中東かわら版

№130 シリア:「ホワイトヘルメット」の有力後援者が変死

 2019年11月11日、トルコのイスタンブルの路上で「ホワイトヘルメット」として知られるシリアの救護団体の主要な後援者であるジェームス・レメジュラー氏が死亡しているのが発見された。同人はイギリス軍の元諜報将校で、2014年に「メイ・デイ・レスキュー」との名称でNPOを創設し、2015年にイスタンブルに事務所を設置して「ホワイトヘルメット」の要員の訓練を行っていた。

 レメジュラー氏は、イスタンブル市内の自宅兼事務所のバルコニーから転落したと思われるが、なぜこのような状況に至ったのかの詳細は不明であり、自殺の可能性もある。同人の妻は、同人が睡眠薬を服用していたと証言している。

 

評価

 「ホワイトヘルメット」は、シリア紛争で政府軍などによる攻撃の被害を受けた民間人を救護する「中立の」団体であると主張し、彼らが発信する犠牲者やその救護場面の画像や動画はシリア紛争についての世論に大きな影響を与えた。彼らの活動は、政府による弾圧・虐殺による民間人被害を強調し、欧米諸国によるシリア政府打倒のための軍事介入を促すという、「反体制派」の戦術に沿ったものである。その一方で、「ホワイトヘルメット」が今般死亡したレメジュラー氏をはじめ、シリア紛争の当事国や関連機関によって育成され、その支援を受けていたことも周知の事実であり、「ホワイトヘルメット」の活動や彼らが発信する情報が政治的に偏向しているとの批判も絶えなかった。

 実際、「ホワイトヘルメット」は「シャーム解放機構(旧称:「ヌスラ戦線」。シリアにおけるアル=カーイダ)」が占拠する地域で活動し、同派に従属・迎合しつつ行われていた。そのため、「イスラーム国」が占拠していた地域や、2019年10月にトルコの侵攻を受けたクルド民族主義勢力の占拠地では、どのような「民間人被害」が生じても「ホワイトヘルメット」は決して現れなかった。

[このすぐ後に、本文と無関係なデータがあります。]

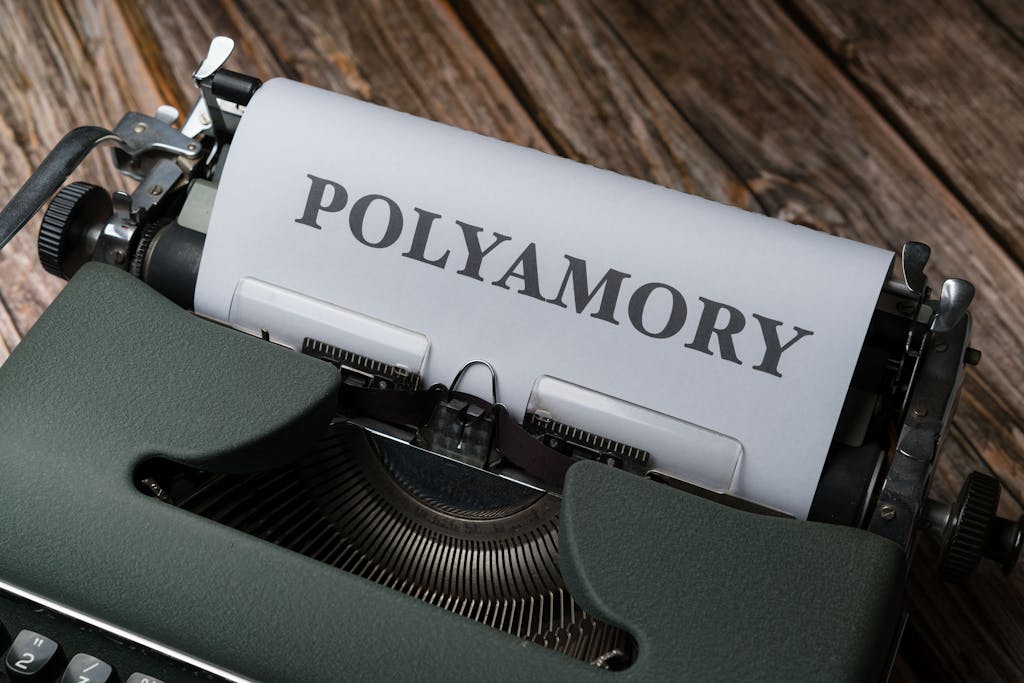 Blog Updates Daily A classic typewriter displaying the word 'Polyamory' on wooden background.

 こうした状況の中、「ホワイトヘルメット」などがシリアの戦場から発信する民間人被害についての情報が欧米諸国の当局や世論に与える影響は着実に弱まっており、政府軍がハマ県北部・イドリブ県南部に攻勢をかけた2019年5月から8月にかけて、アメリカ政府の反応は極めて冷淡だった。2019年7月29日付『シャルク・アウサト』紙(サウジ資本の汎アラブ紙)は、アメリカのフォード元駐シリア大使の寄稿文を掲載したが、同元大使は政府軍によるイドリブ県への攻勢を阻止する上でアメリカに期待すべきでないと明言した。また、「ホワイトヘルメット」の構成員やその家族も、政府軍がダマスカス東郊やダラア県を制圧する際に欧米諸国の手引きでシリアを脱出し、欧米諸国に引き取られた模様である(『中東かわら版』2018年No.39)。これは、「ホワイトヘルメット」が、彼らが救護・防衛すると称していたシリア人民を「独裁政権」の弾圧下に置き去りにした上、難民として欧米諸国に入国・定住するのを待つシリア人の長い列を踏み越えて安全地帯に脱出したことを意味する。

 レメジュラー氏の変死は、「ホワイトヘルメット」の素性や彼らの活動への主観的な評価を別としても、シリア紛争への諸当事者の態度や国際的な世論の変化を象徴するものともいえる。